Phipps was appointed executrix under the will. Because an investigation established that there is no museum by the name of the “New York Museum of Fine Arts,” Phipps filed a complaint in the Probate Court seeking instructions as to the proper disposition of the three paintings. The complaint listed as defendants all the named beneficiaries under the will, including Barbera. In addition, the Museum of Fine Arts (MFA), located in Boston, was listed as a defendant because, according to the complaint, it was the only “Museum of Fine Arts which already [had] a collection of Paxton paintings.” The Metropolitan [3]*3Museum of Art (Metropolitan), located in New York, was not named as a defendant. It had one Paxton painting.
The MFA and Barbera were the only defendants who filed answers to the complaint. Both agreed with the executrix that the will contained a latent ambiguity.3 However, they disagreed as to the museum to which the faulty description applied. The MFA (and the executrix) contended that when the testatrix used the descriptive words “New York Museum of Fine Arts,” she meant the MFA. Barbera, however, claimed that the testatrix intended the Metropolitan to be the recipient of the paintings.4 Because of the ambiguity, the judge permitted the MFA and Barbera to introduce extrinsic evidence as an aid in construing the words used in the will. Tucker v. Seaman’s Aid Soc., 7 Met. 188, 208 (1843). See Smith, The Admissibility of [4]*4Extrinsic Evidence in Will Interpretation Cases, 64 Mass. L. Rev. 123 (1979).

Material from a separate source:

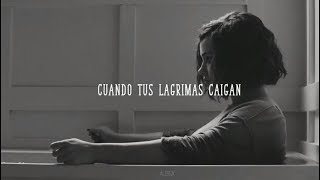 Martin Garrix ft. Troye Sivan - There For You (Sub Español)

After the trial, the judge issued a memorandum of decision which contained his findings of fact, conclusions of law, and order for judgment. He ruled that he was not satisfied “beyond a reasonable doubt by the legal evidence as to whom the testatrix intended to name or describe when she referred to the New York Museum of Fine Arts.” He ordered that the three paintings be given to Barbera, rather than to the MFA or the Metropolitan. Later, the judge issued a “corrected” judgment, recognizing that the will gave to Phipps a life estate in the three paintings, after which they were to go to the residuary beneficiary (Bar-bera). The MFA appeals from that judgment and raises several issues. The MFA contends that (1) the judge committed reversible error when he employed the wrong standard of proof; (2) the judge’s findings of fact were, to a considerable extent, erroneous; (3) the judge committed error when he declined to apply the doctrine of cy pres; and (4) the judge erred in denying the MFA’s motion to join the Metropolitan as a party.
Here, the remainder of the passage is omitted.